In the minute of silence that follows I notice his small black eyes scrutinising my face, even staring at my shoes for a second. I am overcome by the definite sense that he sees through me, that he knows me inside out. There are moments like this in life.

“Do you believe that religion has a future?” I formulate my next question slowly. He casts another inquisitive glance at me.

“Not any more or any less than you do!”, he hollers, bursting out in another fit of laughter over his own enigmatic answer.

“Being a priest must come with great sacrifices. Have you ever thought of changing careers?”

“Sir”, he begins softly, “I used to have it like a king back then, you see.” Suddenly he begins to roar, his forehead glowing red, flushed to the top of his great ears. “I should spit myself in the face if I turned my back on them now!
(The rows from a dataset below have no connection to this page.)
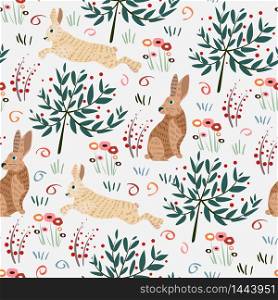 Seamless pattern with rabbit. Forest pattern vector background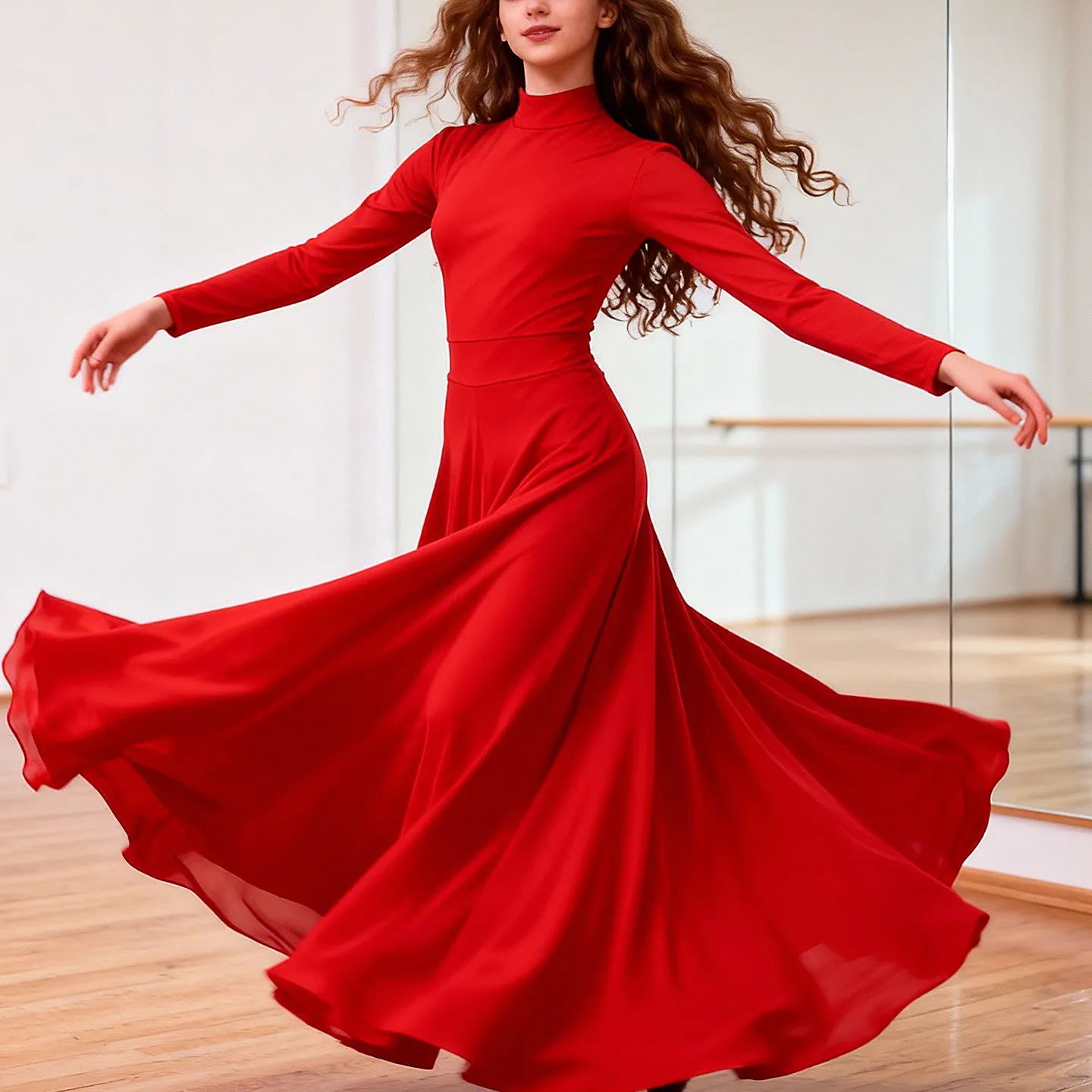 

Long Sleeves And Sleeveless 2026 Ballroom Dance Dress New Sexy Modern Dance Dress National Standard Women Red Waltz Performance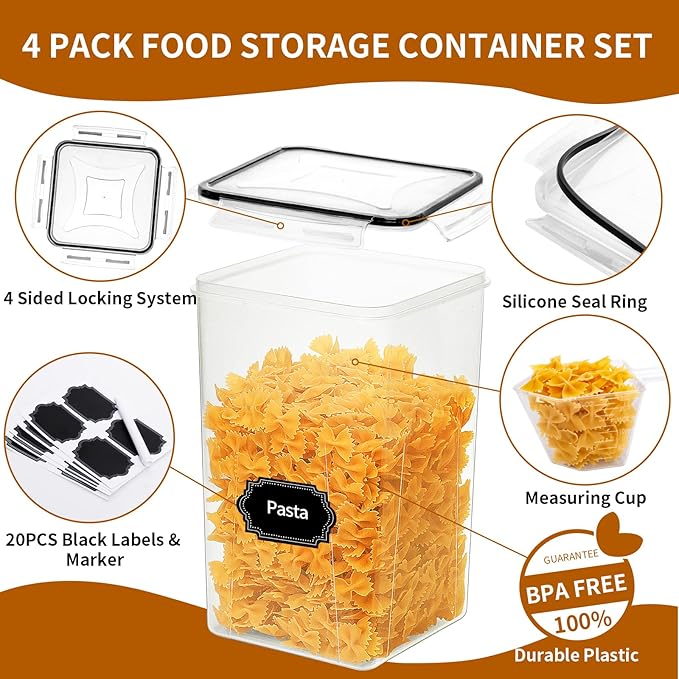 HKJ Chef 4 Pack Extra Large Airtight Food Storage Containers with Lids (6.5L / 220 oz), BPA Free Plastic Kitchen and Pantry Organization Contianers for Cereal Flour and Sugar Storage, Labels & Marker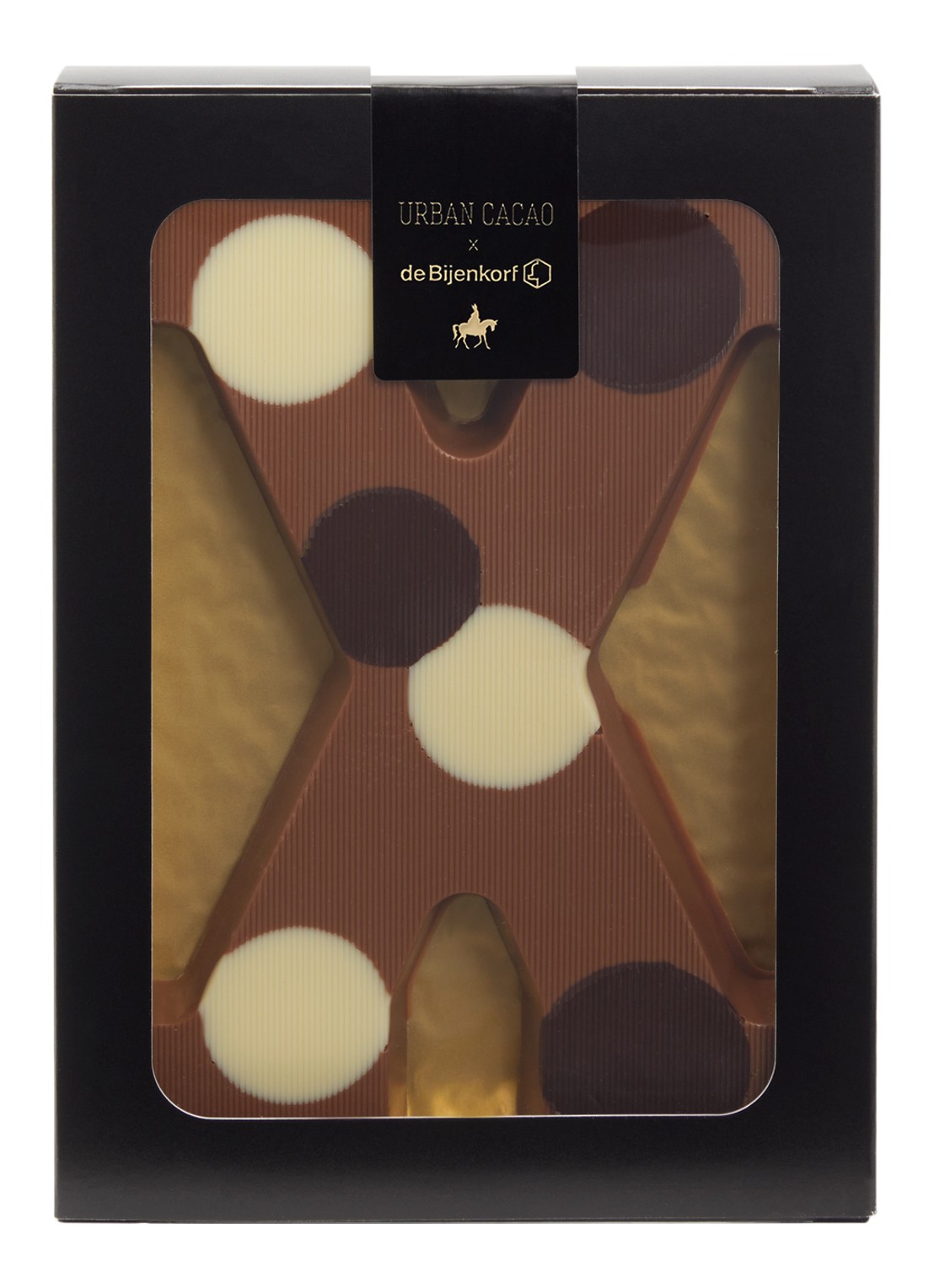 Urban Cacao Melk chocoladeletter gevlekt 200 gram - voorkant x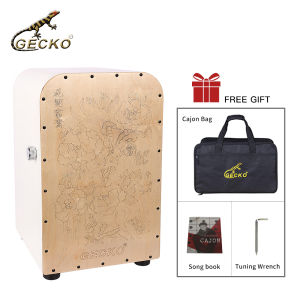 GECKO Cajon Box Drum with Snare and Bass Tone for Acoustic Music Play with Your Hands 1-Year Warranty (GL40H)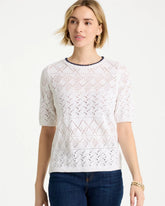 Chico's | Pointelle Blanket-Stitch Pullover Sweater/ Alabaster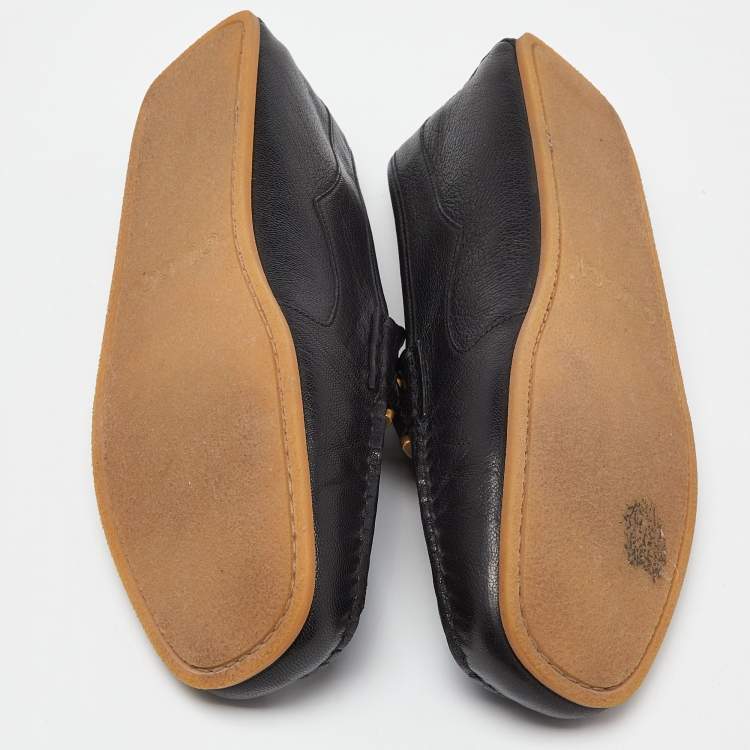 Pre Owned Gucci Black Leather Interlocking Logo Slip On Loafers Size 41.5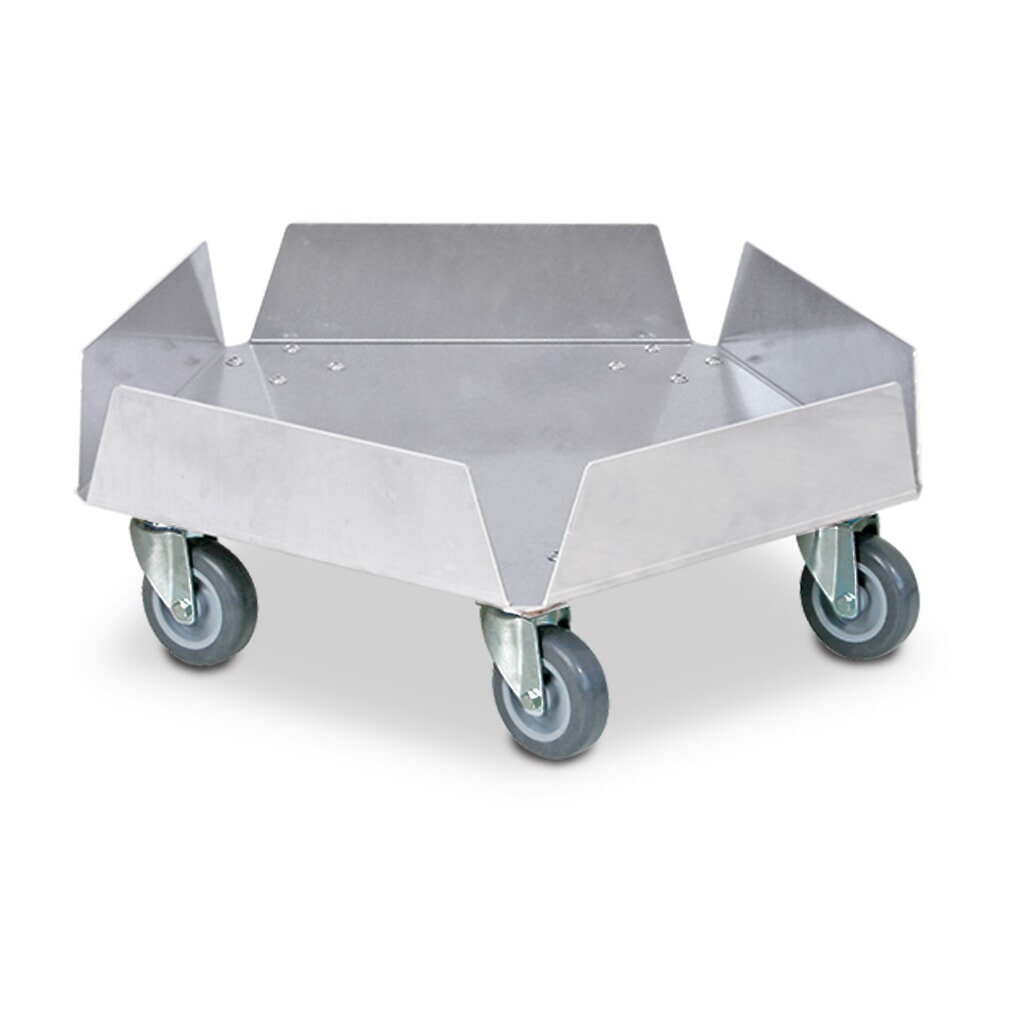 Rouleur de transport pour poubelles rondes jusqu'à 100 litres, capacité de charge 250 kg, aluminium Illustration du produit: Rouleur de transport pour poubelles rondes jusqu'à 100 litres, capacité de charge 250 kg, aluminium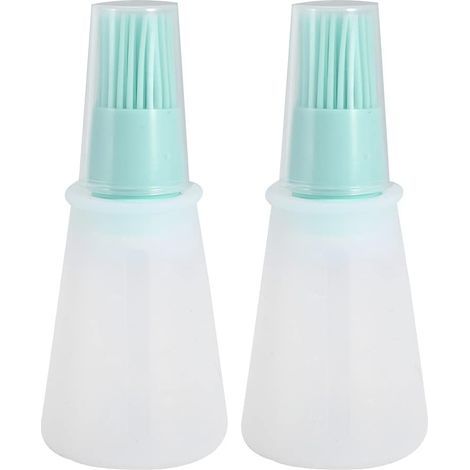 Ölgefüllte Flasche, hitzebeständiger Silikon-Kochpinsel für Grill, Küchenutensilien, rosa, grün, blau, 2 Stück (Nordisches Grün) (1/5)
They brought me up. I am from Tula!”

After a brief pause, I ask him how long he has been a priest, sending him into another fit of rage. For reasons of association unknown to me, he begins to vociferate about the Pope in Rome, using expressions of which I would not dare to write down the few I understood. Two or three minutes pass before I can speak again. Sheepishly, I restate my question about what he thinks the future has in store for the Russian Church. He returns a vacant stare without an answer.

“Are there seminaries? Are there novices?” “Seminaries, yes there are some. No novices, though.”

“It’s all over”, he adds. “We are fewer by the day. We are lost”, he concludes, resting his exhausted gaze on my face. I bow and bid farewell to him.

Vorontsova and I walk slowly toward Pushkin’s statue. On the far side of the square, almost directly across from the revolutionary museum, I glimpse yet another church. It has a cross on top – according to some, a sign that service is still held there. It is not. We enter a muddy courtyard; not a soul in sight. Looking through the church window, I see devotional objects of gold, icons, vestments. Around the building, a tiny girl is relieving herself. The windows and open balconies of the tenements next door overlook the courtyard, but no one is visible in them. Coming almost full circle around the church, at last we chance upon a tiny wooden shed attached to one of its doors. In the window, an old bearded man is mending a doormat so tattered that it would be ignored by a vagrant rummaging through the streets.

“Is mass still held here?” Lyuba Vorontsova inquires. “I don’t know.”

“Is there anyone who could tell us?” “I don’t know.”

“May we at least take a peek inside?” “I don’t know.”

“Who is the manager of this building, then?”

“I know nothing”, the old man says without so much as glancing at us.

“Would you like a cigarette?” Vorontsova asks him gently. This time, the old man refuses to reply.

“Would you like a cigarette?” I repeat presently, louder. He rises to his feet, turns his back, and begins to fiddle with something inside that tiny hut of his, which is barely larger than a wardrobe.

Translation from the Hungarian by Péter Balikó Lengyel


1 As part of the anti-religion campaign, the seven-day working week was eliminated in the Soviet Union. From 1929 a movable week was introduced. Employees worked five days in a row, and they rested on the sixth. Thereby the seventh day of the week was again a workday, which made it well-nigh impossible for Christians to attend church on what used to be a Sunday. (Note by Antal Babus.)